Literature review shows that participants in most studies on STR, no matter what category of users they belong to
and no matter what learning environment they learn in, had positive perceptions toward usefulness of STR transcripts
for learning. However, Mayer (2008) argued that the same information presented in both auditory and written format
makes it redundant and gives rise to a split-attention effect and cognitive load (modality principle). However, the
participants still relied on transcripts in written format because of their learning needs, physical/ cognitive abilities,
or specific learning environment (Elliot et al., 2002; Hwang et al., 2012; Kuo et al., 2012; Leitch, 2008; Nisbet &
Wilson, 2002; Nisbet et al., 2005; Ryba et al., 2006; Shadiev et al., 2013; Shadiev et al., 2014; Wald, 2010; Wald &
Bain, 2008). According to Kirsh (2010), and Rogers, Sharp, and Preece (2011), external representations, such as
STR-generated texts, greatly extend and support students’ ability to carry out cognitive activities (e.g., inference,
problem-solving and understanding). One benefit that transcripts offer is on memory. Firstly, transcripts reduce
memory workload by providing external tokens for the information that must otherwise be kept in mind. Secondly,
transcripts serve as visual retrieval cues for long term memory, evoking relevant information that might not
otherwise be retrieved. Finally, transcripts are more “enduring” (visual) text-based content, which goes along with
the more “temporary” (oral) speech-based presentation. According to Dual Processing theory (Moreno & Mayer,
2002), redundant information presented in two modes (i.e., visual and oral), and processed aurally and visually can
support the recognition and learning of that information. Thus, in the finding of Moreno and Mayer (2002),
participants used strategies such as scanning transcriptions when they missed or misheard some parts of a speech. In
this way, STR technology can provide much more essential support for students to process aural text with the help of
simultaneously displayed transcriptions (Jones & Plass 2002; Ryba et al., 2006).
The STR considerations
Three main issues with respect to the STR technology were pinpointed by teachers and students in the reviewed
literature. First issue was reported in Hwang et al. (2012), Kuo et al. (2012), Shadiev et al. (2013), and other related
studies and it relates to the usage of the STR technology. It was found that students who did not use the STR
technology or used it irregularly perceived STR not a useful aid for learning. The second issue associates with STR
process accuracy rate. Most studies report that although STR technology is useful for learning, a greater accuracy in
the system’s recognition of speech is required. According to Alapetite et al. (2009), Fichten et al. (2000), Jones
(2005), Kanevsky et al. (2006), Kheir and Way (2006), Konur (2007), Petta and Woloshyn (2001), and Wald (2010),
texts generated with low accuracy recognition rate contain many errors which are incomprehensible and meaningless
for learning. Finally, it’s the issue that relates to learning behaviors in using STR texts. Shadiev and his colleagues
73
(2013) noticed that participants in their study performed slack learning behaviors, such as studying transcripts
superficially and employing copy-and-paste method to complete summary writing tasks. Performing such learning
behaviors, students did not learn much, and as a result, they were scored low on examinations.

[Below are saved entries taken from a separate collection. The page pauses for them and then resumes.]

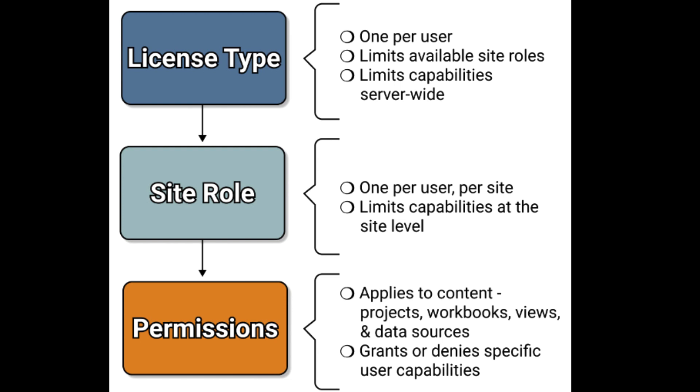Last, workbook and dashboard permissions. Those permissions operate at the lowest level and allow you to control individual user access. You can assign permissions such as viewing, editing, downloading, or publishing to users or groups.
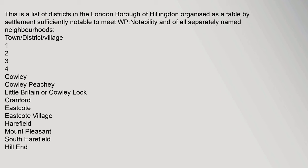Town, district, village: Cowley, Cowley Peachy, Little Britain or Cowley Lock, Cranford, East Coat, East Coat Village, Harefield, Mount Pleasant, South Harefield Hill.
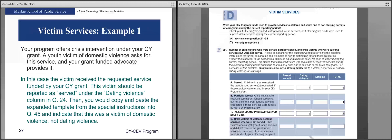For example: your program offers crisis intervention under your CY grant, and a youth victim of domestic violence asks for this service, which your grant-funded advocate provides. The victim receives a requested service funded by your CY grant and should be reported as served under the dating violence column in question 24. Then copy and paste the expanded template from the special instructions into question 45 and indicate that this is a victim of domestic violence — domestic violence served: 1, dating violence: 0.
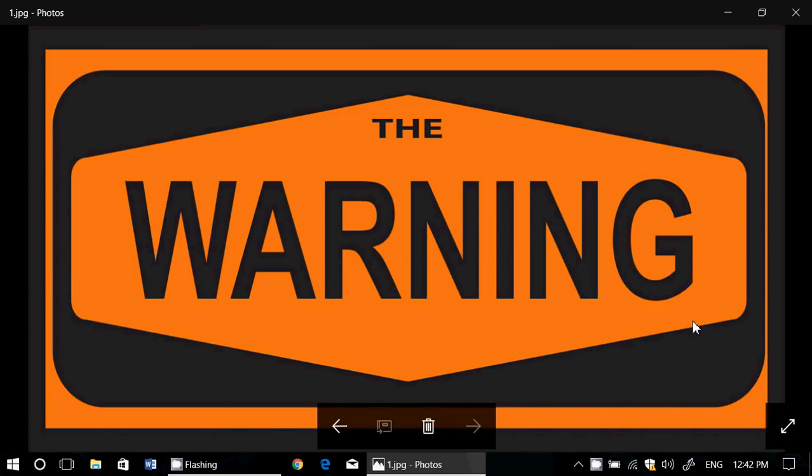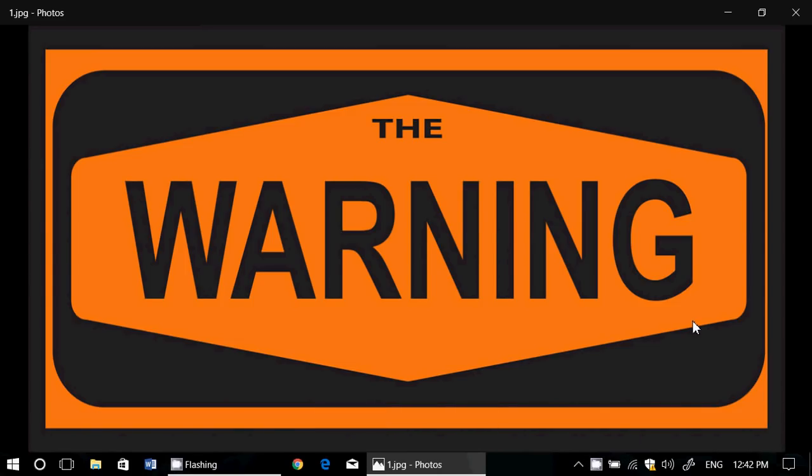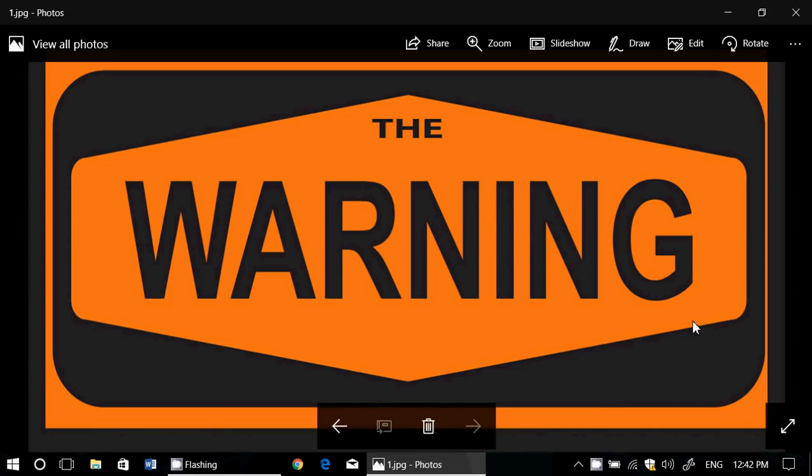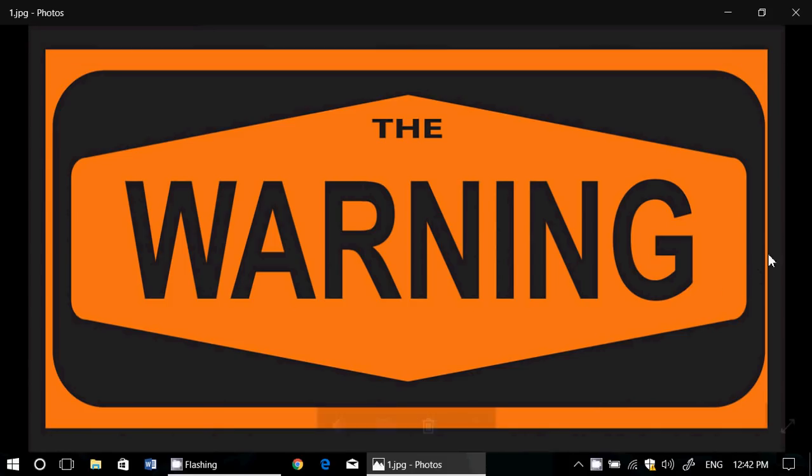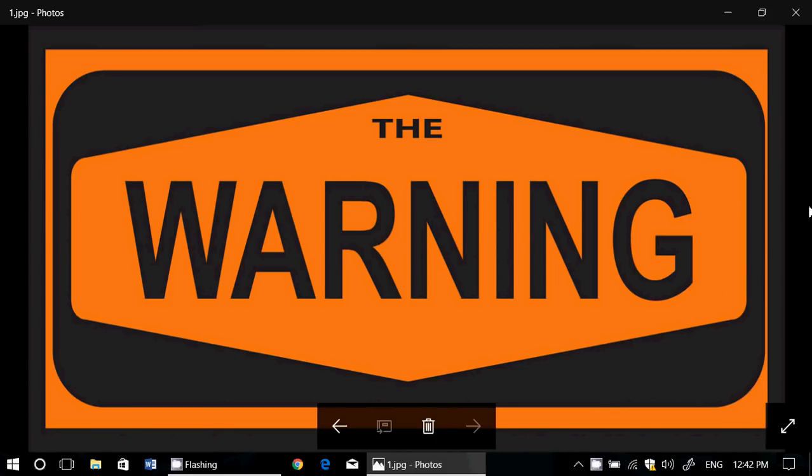Welcome to this Windows channel and this is a quick video for everybody that is waiting for Creators Update.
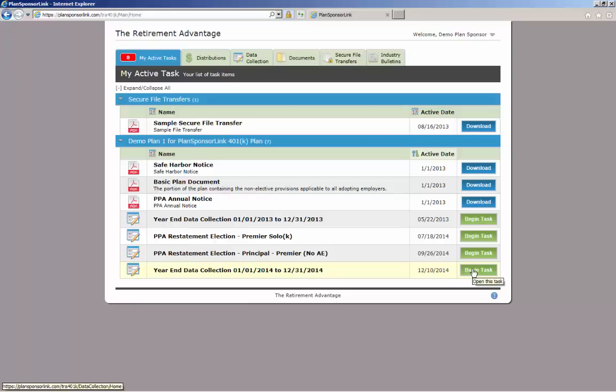Some clients sponsor more than one plan. If that is the case, both plans will show on your active task list. A bold blue line would separate the plans and identify which plan the task items belong to.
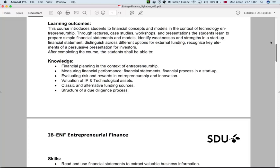We also need to know about the classic funding sources, but also about the new alternative funding sources — what we call entrepreneurial financing. There are a few new tools coming in that are important and that you should at least be familiar with.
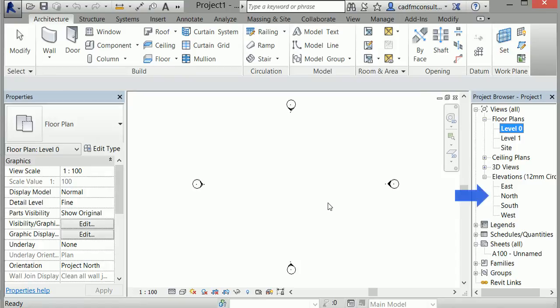Notice these are listed alphabetically in the project browser, as opposed to ordering them clockwise around a compass: North, East, South, and West.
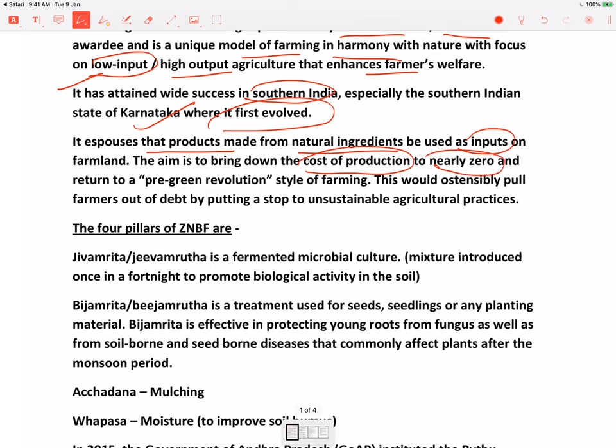The cost of production will come to nearly zero — obviously not exactly zero, but nearly zero. And it aims to return to a pre-green revolution era. Green revolution ke baad jo fertilizers aur pesticides hai unka usage kaafi badh gya tha. ZBNF aims to return to before the green revolution era jab pesticides aur chemicals ka usage kam tha aur natural inputs se farming hoti thi. Aur obviously jab aap inputs kam kar rahe ho, cost of production kam kar rahe ho, toh it will help to pull the farmers out of debt.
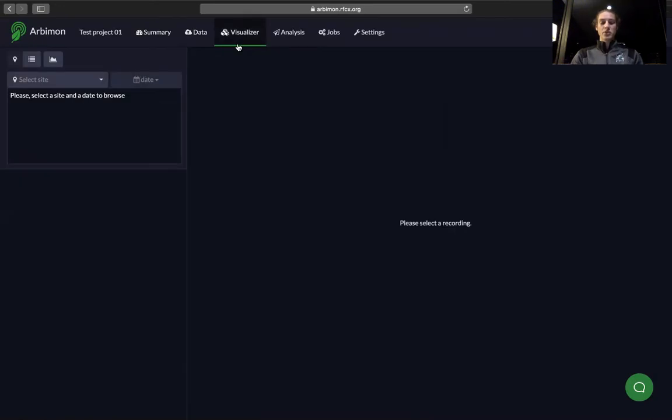In the Visualizer tab, you can browse through recordings, spectrograms, or soundscapes and listen to them. Validate the target species presence or absence and create training sets for the species specific identification models. In addition, identify the main source of the sounds that compose a soundscape.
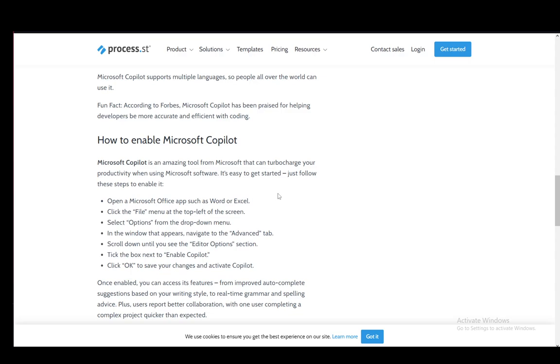And that is literally all you have to do. Copilot will then be available to you as your AI assistance tool to help you with anything you might need. And that is pretty much it. Hope you guys enjoyed, and I'll be seeing you guys next time.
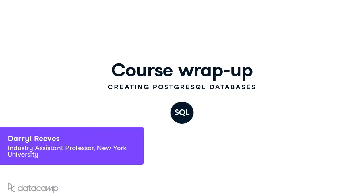As they say, all good things must come to an end. And unfortunately, that is the case for this journey that we have taken through the creation of PostgreSQL databases. Before we part, let's quickly review where we have been.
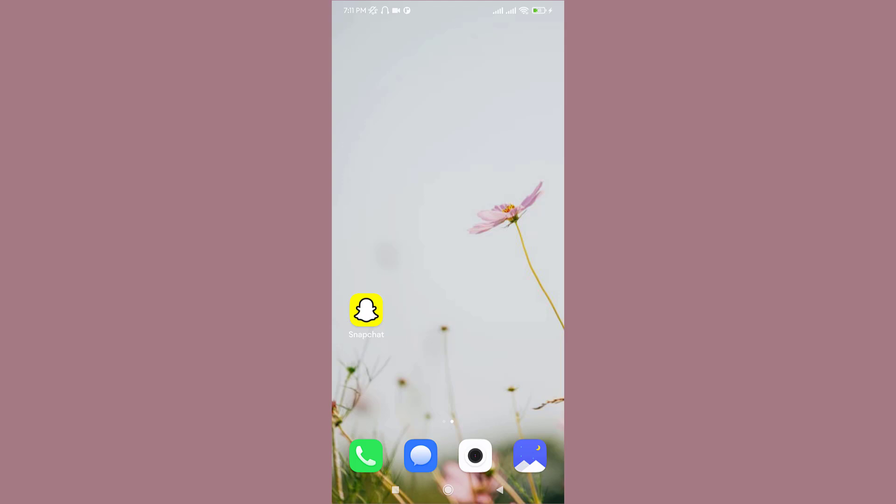My Eyes Only is for snaps that you want to keep extra private. You can move snaps and stories in your memories to My Eyes Only, then you can only see them after you enter your passcode.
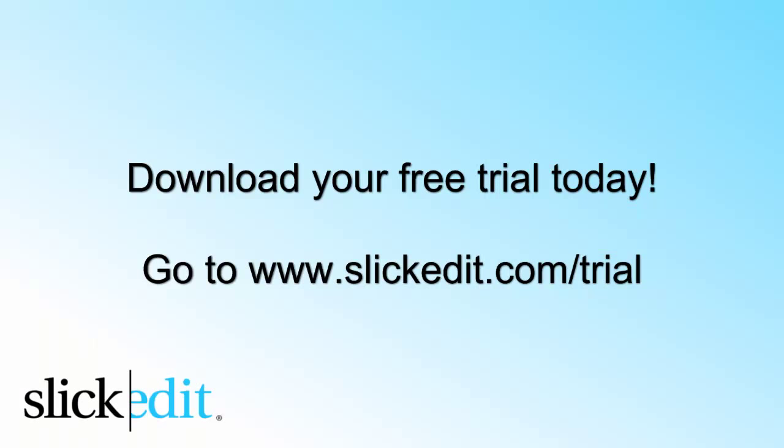Download your free trial today. Go to www.slickedit.com/trial.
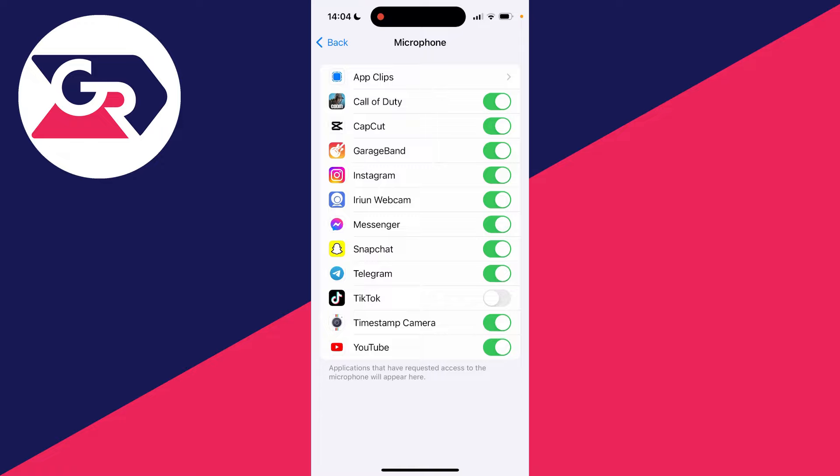Let's say I wanted to do it for other apps as well. I could switch them all off like so. Now none of these apps will be able to use my microphone and we've turned it off.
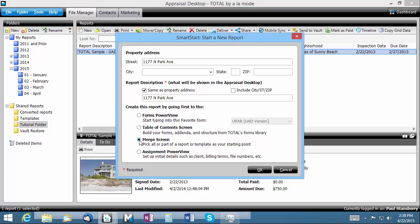The merge screen choice allows you to choose either your template file or a previously completed report in the same area as a basis for your new report.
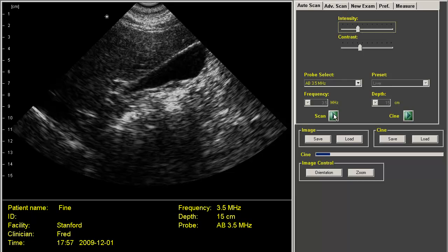The scan freeze button allows you to begin scanning or freeze the scan, but you can also push the button on the probe or the space bar. And the cine button allows you to play any recorded cine loops. There are also controls here for saving and loading both static images and cine images.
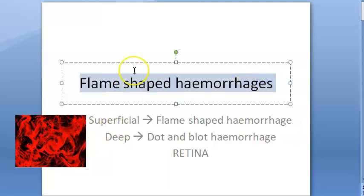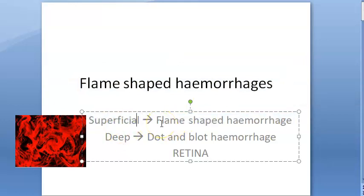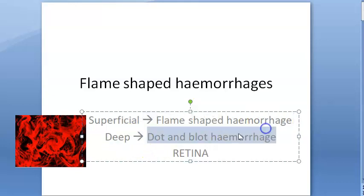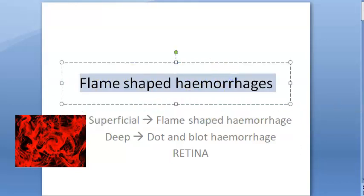In the retina, you can see flame-shaped hemorrhages in many conditions. Flame-shaped hemorrhages are superficial hemorrhages — that's why they look like flames. If it is a deep hemorrhage, you will see dot and blot hemorrhage. We are looking at flame-shaped hemorrhages, which are superficial, and we'll go through all the conditions where you can find them.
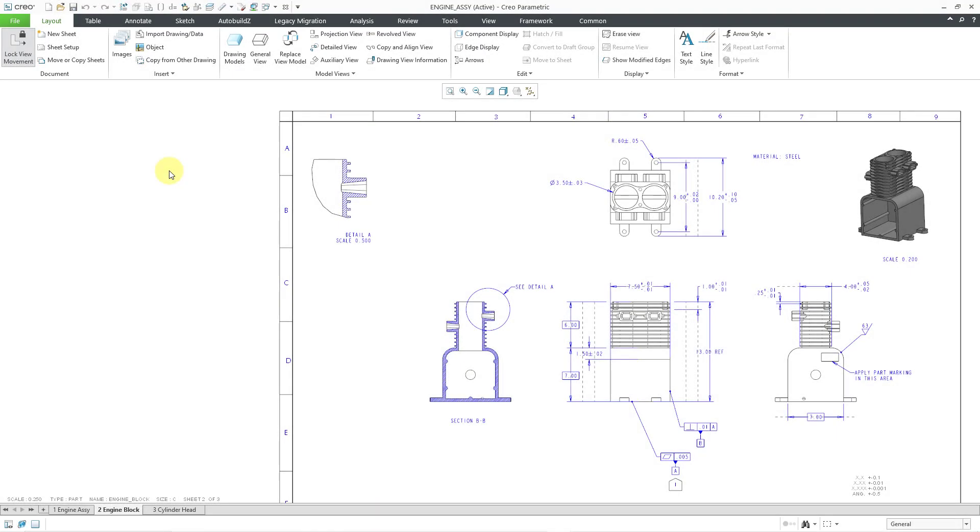In Creo Parametric, you can use the Drawing View Information command to find out more information about your drawing views. The command is located on the Layout tab in the Model Views group.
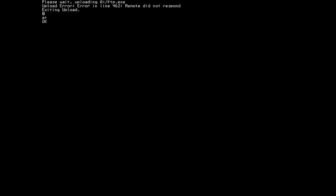So that's it for our demonstration today. I hope you enjoy this video. And I hope you enjoy using MaxiTerm. I'll have a link below in the description of this video where you can download the current version you see here in the video. And happy BBSing.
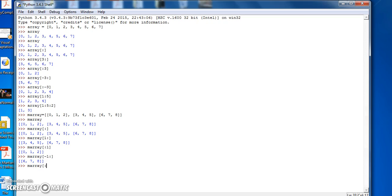And if we do mArray colon minus 1, then we get the first two elements of the array. So that's a simple introduction to array slicing in Python.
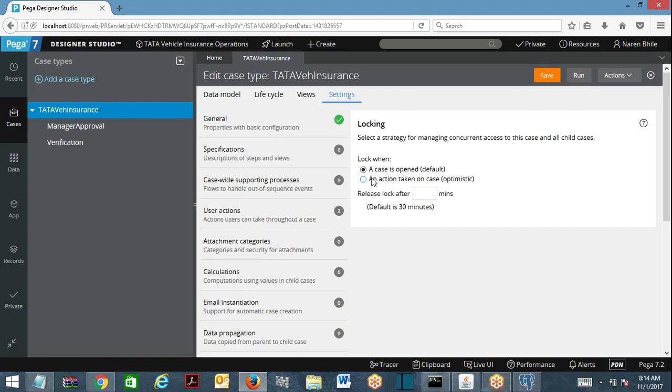In PRPC from Pega 7 onwards, we have two types of locking: one is default locking and the other one is optimistic locking.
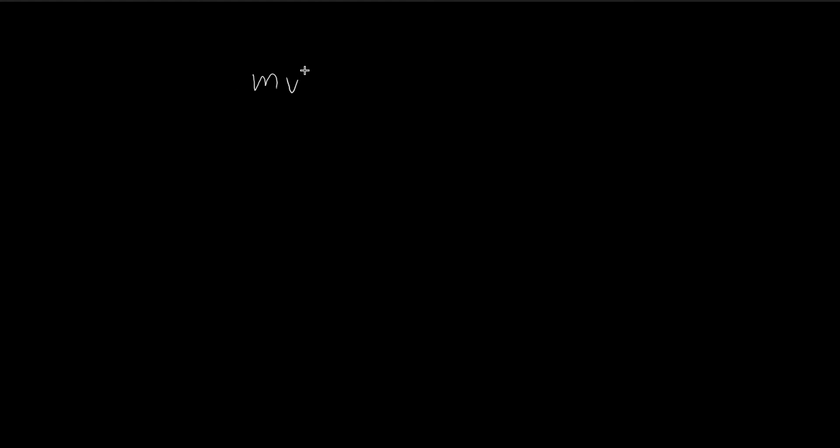To find the charge-to-mass ratio, we can consider the centripetal force, which by definition is mv squared divided by R, has to equal the magnetic force, because the magnetic force is providing the centripetal force.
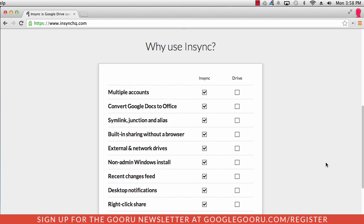Like I mentioned before, syncing multiple accounts is a huge feature in this product. And you can also convert Google Docs from the Google format to the Office format. That sort of reverse formatting is a really cool feature for a lot of people as well.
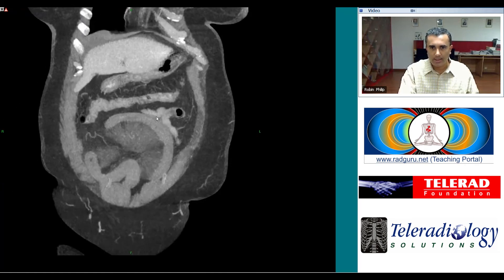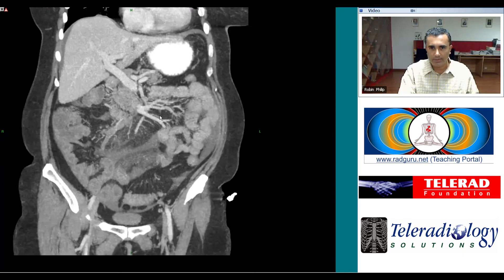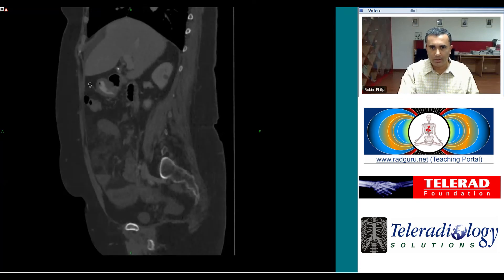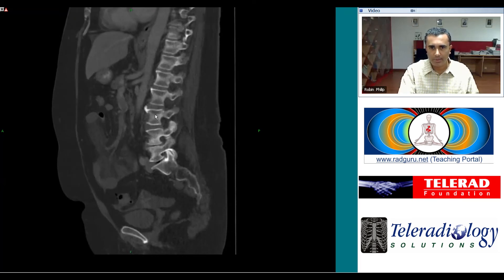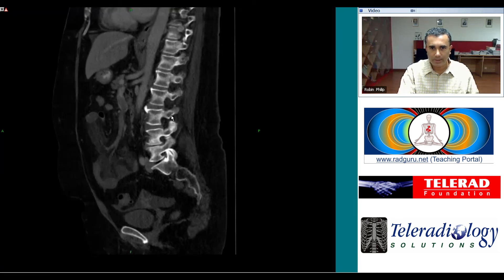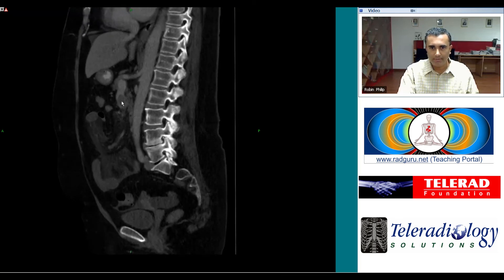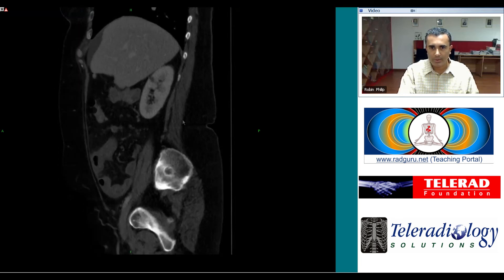The finding is nicely seen on the reformats as well. These are the coronal views — you can see the filling defect very clearly here within the superior mesenteric vein. Sometimes the reformats are helpful; as you can see, the finding is much more striking on the reformats than it was on the axials, where one is liable to scroll through it.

Suggestions and implications
To begin with, the literature review suggests that educators and researchers design technology-based teaching and
learning activities in a way that encourages users (i.e., instructors and students) to use STR more regularly. Such
approach will enable users to identify strengths and limitations of the STR, and then to fully utilize STR for their
teaching and learning. For example, Hwang et al. (2012), Kuo et al. (2012), and Shadiev et al. (2013) encouraged
and motivated their participants by training them how to use STR technology first and then to use it to complete
homework. With such kind of learning activity design, students could identify what advantages and disadvantages of
the STR are through real experience with STR technology.
According to Hwang et al. (2012), Jones (2005), Kuo et al. (2012), and Nisbet, Wilson, and Balfour (2008), in order
to achieve good detection accuracy rate, the STR application training should last at least one week. Hwang et al.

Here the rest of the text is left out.